Done when:Chicken is fully submerged and the buttermilk has turned slightly pink from the hot sauce.
- 02
Whisk flour, cornstarch, seasoned salt, paprika, cayenne, black pepper, garlic powder, and onion powder together in a wide shallow bowl.
Done when:Mixture is one uniform color — no white flour streaks or spice clumps visible.
- 03
Pull one tender from the buttermilk, let excess drip off for a second, then press firmly into the flour mixture. Flip, press again. Dip back into buttermilk briefly, then back into flour and press a final time. Set on a sheet pan. Repeat with all tenders.
Done when:Each tender has a thick, shaggy coat with visible craggy bits — no smooth or bald patches. The coating looks dry and crumbly, not wet.
- 04
Let the coated tenders rest on the sheet pan for 15 to 20 minutes while the oil heats. This sets the crust.
Done when:Coating feels dry and firmly stuck to the chicken — tap it and the flour doesn't fall off in sheets.
- 05
Add 2 inches of vegetable oil to a heavy-bottomed pot or Dutch oven. Heat over medium-high until oil reaches 350°F (175°C). Flick a pinch of flour in — it should sizzle immediately and turn golden in a few seconds.
Done when:Thermometer reads 350°F, or a flour flick sizzles vigorously and turns golden brown within 3-4 seconds.
- 06
Carefully lower 3-4 tenders into the oil using tongs. Do not overcrowd. Fry for 2-3 minutes per side, flipping once, until deep golden brown and cooked through (internal temp 165°F).
Done when:Crust is deep golden brown — not pale tan, not dark mahogany. Chicken feels firm when pressed with tongs, not squishy. Internal temperature reads 165°F.
- 07
Transfer fried tenders to a wire rack set over a sheet pan. Let the oil come back to 350°F before frying the next batch.

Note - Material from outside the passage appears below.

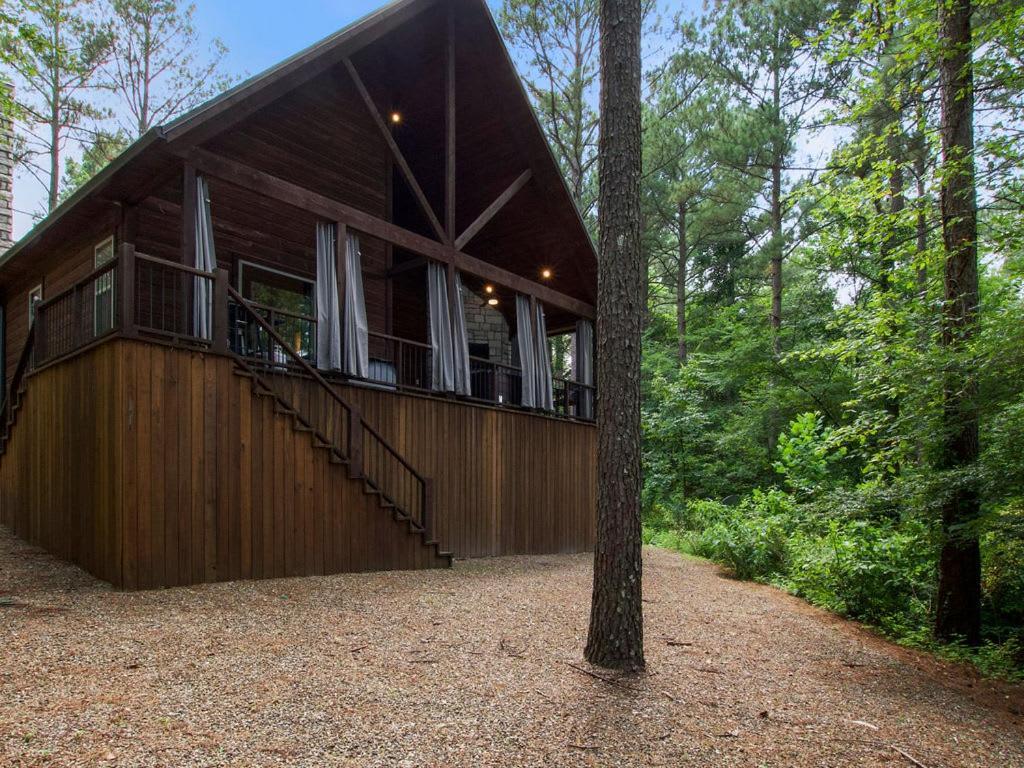 Stunning Luxury Cabin W Hot Tub And Fire Pit Holy Shiplap Is Perfect Romantic Couples Getaway Broken Bow Exterior photo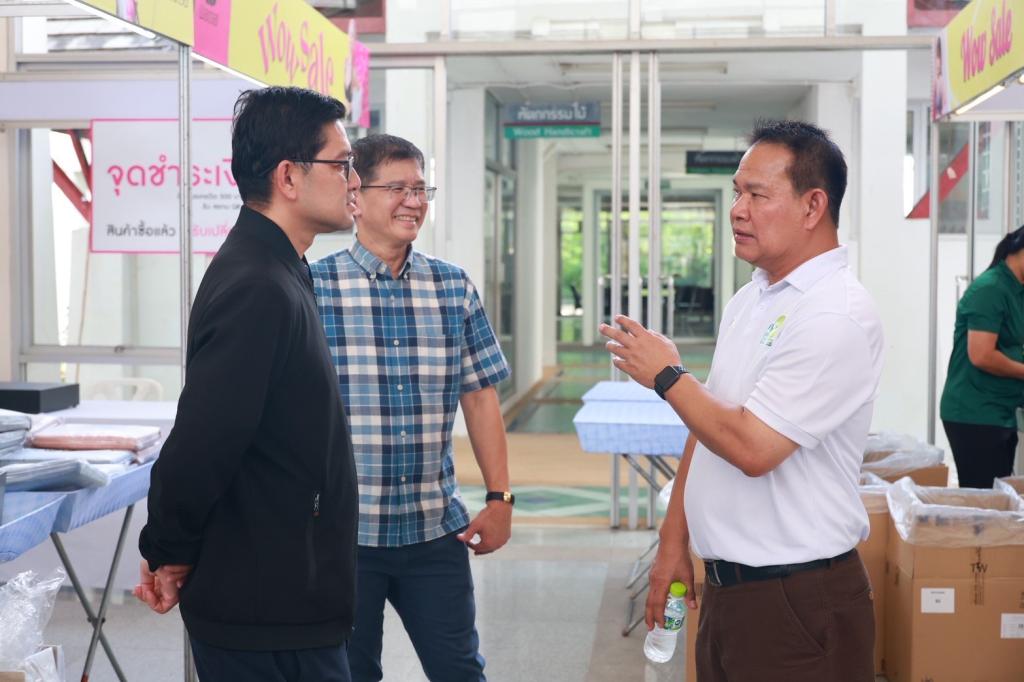 ”รองอธิบดีสุรพล“ บินตรงลำปาง ลงพื้นที่ DIPROM MICE CENTER เตรียมจัดอุตสาหกรรมแฟร์ 2025 “ช้อปเพลิน เดินฟิน เช็กอินลำปาง” 2 - 6 ตุลาคมนี้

Done when:Oil has stopped bubbling aggressively and thermometer reads 350°F again.
- 08
Make the hot paste: carefully ladle 1 cup of the hot frying oil into a heatproof bowl. Whisk in cayenne pepper, brown sugar, chili powder, garlic powder, and smoked paprika until smooth.

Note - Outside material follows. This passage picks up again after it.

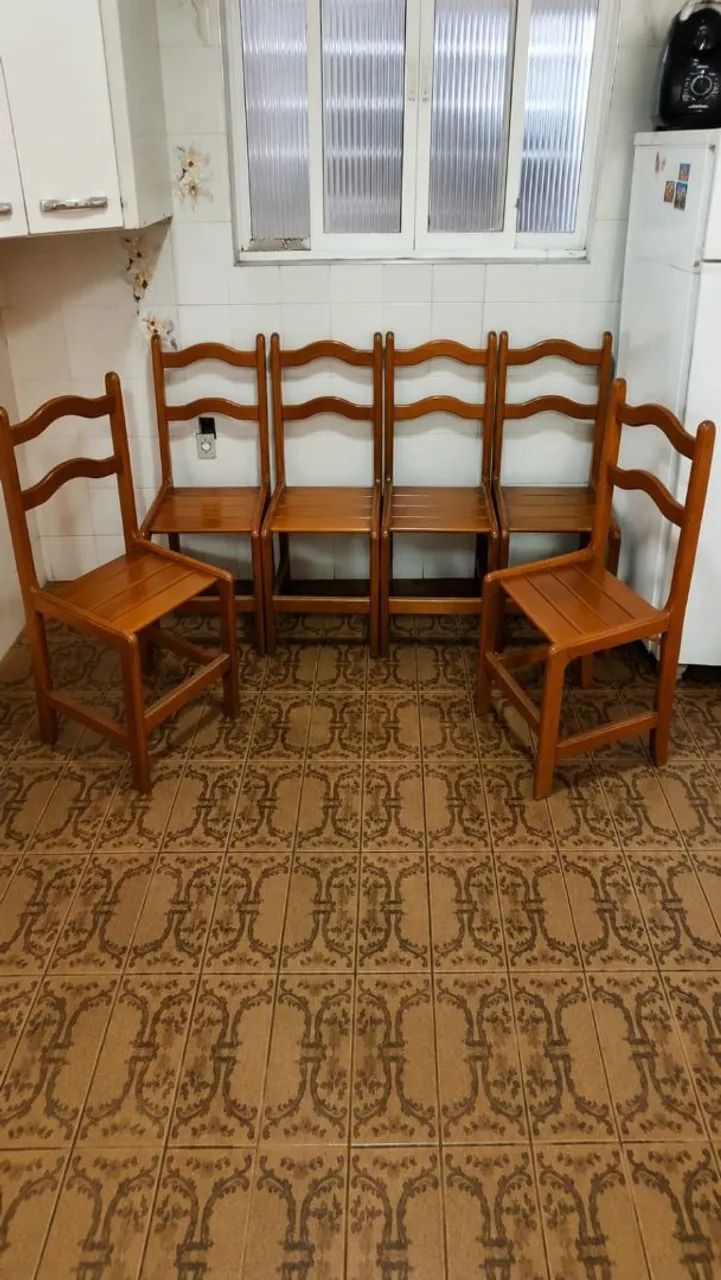 Mesa de jantar - madeira maciça  - Foto 2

Done when:Paste is smooth, dark red, and slightly syrupy — no dry spice clumps floating on top.
- 09
Brush the hot paste generously over every surface of each fried tender. Use a silicone brush or spoon it on — you want full coverage.
Done when:Every tender is uniformly coated in the deep reddish-orange paste. No bare spots of plain breading visible.
- 10
Serve immediately on white bread slices with pickle chips on the side.

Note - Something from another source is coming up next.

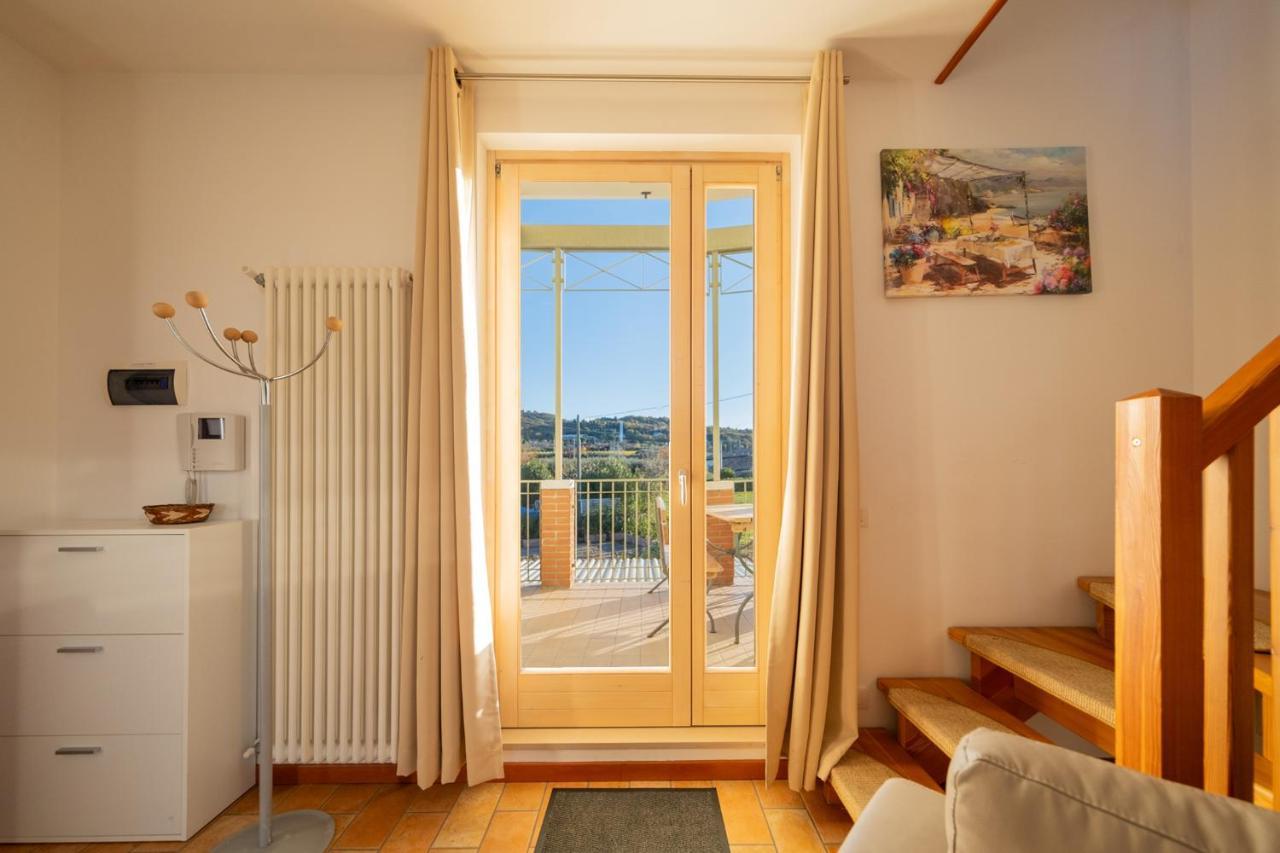 Apartmentsgarda - Rosa Chiare Bardolino Bagian luar foto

Done when:Tenders are still sizzling slightly when they hit the bread. Bread should start soaking up the spiced oil on contact.
Where it goes wrong
Common mistakes
- ✕Crowding the pot — dropping in too many tenders at once tanks the oil temperature and you get pale, greasy chicken instead of crispy
- ✕Skipping the rest after breading — the flour hasn't set yet and it'll slough off in the oil, leaving bald patches
- ✕Making the paste with cold oil — the spices don't bloom and the paste sits on top of the chicken like wet paint instead of soaking in
- ✕Draining on paper towels instead of a wire rack — the bottom goes soggy while it sits in its own steam
Context
Compared to the usual
Real Nashville hot chicken — the Prince's Hot Chicken Shack original — uses bone-in pieces, usually breast quarters and thighs, marinated overnight and fried in cast iron with lard. This tenders version is the weeknight compromise: same buttermilk soak, same paste technique, but faster-cooking cuts and neutral oil. You lose some of the juiciness that comes from frying bone-in on the bone, but you gain speed and the ability to feed five-year-olds without needing a cleaver. The heat is authentic. The format is practical.
Glossary
Techniques used
- Double-dredge
- Coating chicken in flour, dipping back in liquid, then coating in flour again. Builds a thicker, craggier crust with more surface area for crunch.
- Nashville hot paste
- A mixture of cayenne pepper, brown sugar, and hot frying oil brushed onto freshly fried chicken. The signature element that separates Nashville hot chicken from regular spicy fried chicken.
- Bloom
- Heating ground spices in hot fat to release their volatile oils and deepen their flavor. Happens when the hot frying oil hits the cayenne in the paste.
- Seasoned salt
- A commercial blend of salt, garlic, onion, and paprika. Lawry's is the standard. Don't substitute plain salt — the balance is different.
Riffs
Variations
Air fryer version
Spray breaded tenders with oil, air fry at 400°F for 10-12 minutes, flipping halfway. The crust won't be as craggy but it's respectable for a weeknight. Still apply the hot paste after.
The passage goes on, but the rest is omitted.